Bryant’s fierce competitiveness was part of what made him so divisive: it was his greatest strength and weakness. No matter, he’s a future Hall of Famer who dominated the NBA en route to five titles and over 30,000 career points, and Hollis-Jefferson will remember him for that: the process, not just the results.
“That’s pretty much everyone’s favorite player, but me, it’s for different reasons,” Hollis-Jefferson said. “Just watching him, how he works, how he looks at people, how he approaches the game of basketball. It’s that aggression he has, that want and will that overpowers everyone, I love about him.

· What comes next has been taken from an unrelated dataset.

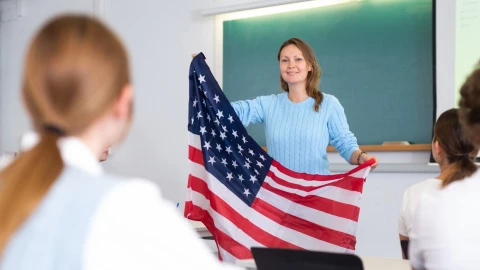 Una maestra alza una bandera de Estados Unidos al frente de los alumnos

“Even if, respectfully, even if he wasn’t the greatest player, just if he approached the game like that, I respect people like that. That means a lot. To be — I’m not saying a part of it, but to be in the NBA when that’s happening, it’s like, yo, I was a part of history. I can tell my kids, like, hey, my first year in the NBA, and he retired that year. So I’ve got a little story to tell, to be part of it.”
Bryant isn’t anywhere close to the special player he once was; everyone in the league knows that, even if few will say it. The Nets match up with him one last time on March 1st, and in the ultimate act of respect, Hollis-Jefferson is going to try to shut him down.
“Definitely going to pay dues, pay credit. But when we’re out there on the court, I’ve got to play him hard. Just put it in his mind, ‘my last time playing a Chester guy was a great matchup.’ So I definitely look forward to that.”
Knowing Bryant, he wouldn’t want anything less.